STORED DATA:

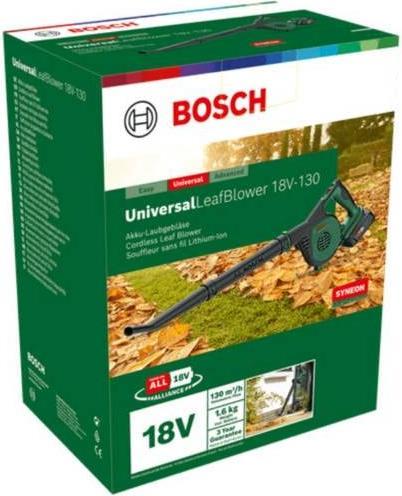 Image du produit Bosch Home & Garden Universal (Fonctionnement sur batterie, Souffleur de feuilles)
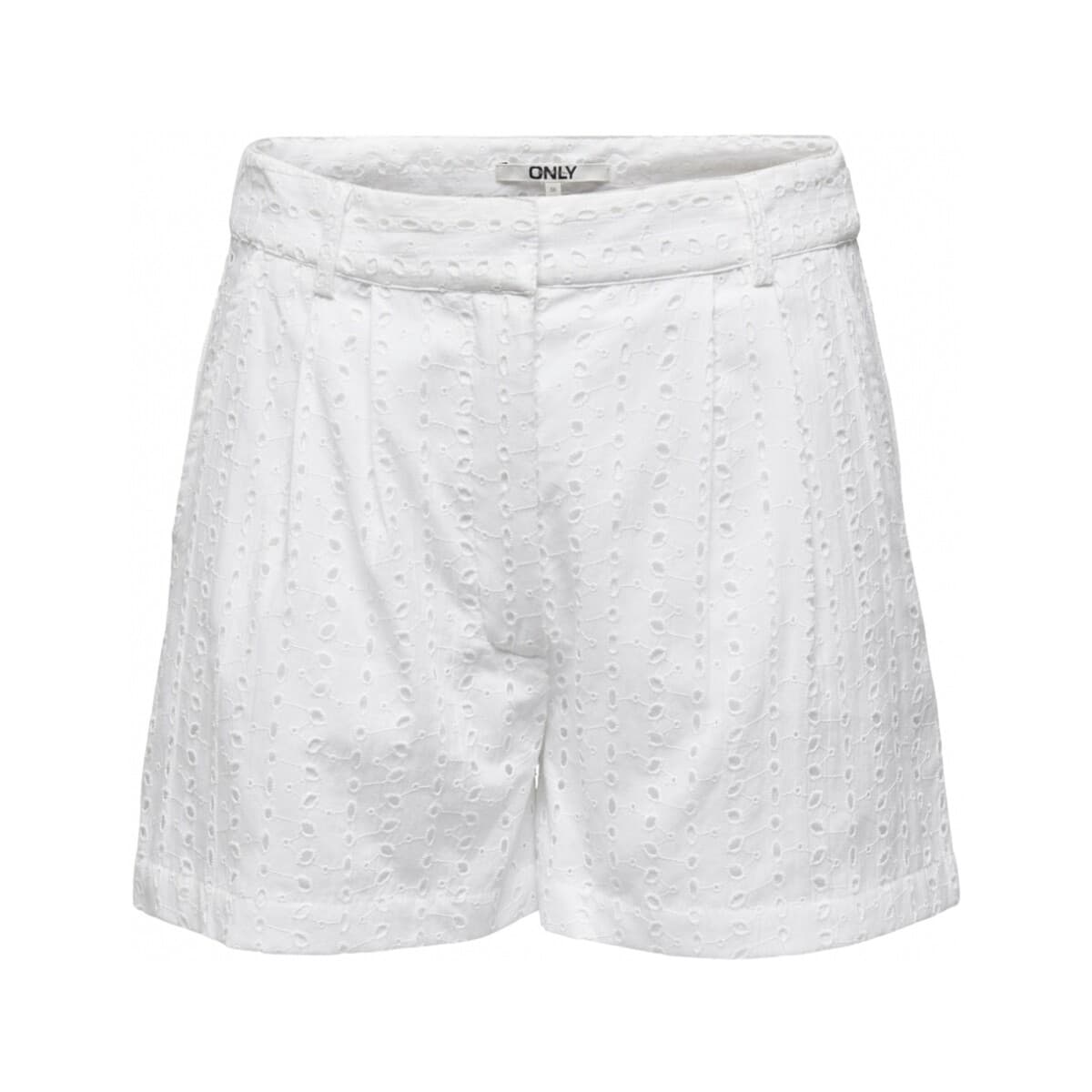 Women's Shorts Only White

--

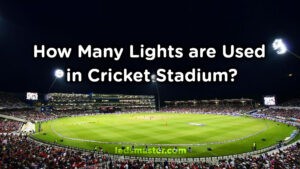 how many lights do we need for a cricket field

WORK TO BE COMPLETED: Pictures excluded, give again exactly and only the lines of the material above from the line with "Image du produit" through the line with "Women's Shorts Only White".

TASK SOLUTION:
 Image du produit Bosch Home & Garden Universal (Fonctionnement sur batterie, Souffleur de feuilles)
 Women's Shorts Only White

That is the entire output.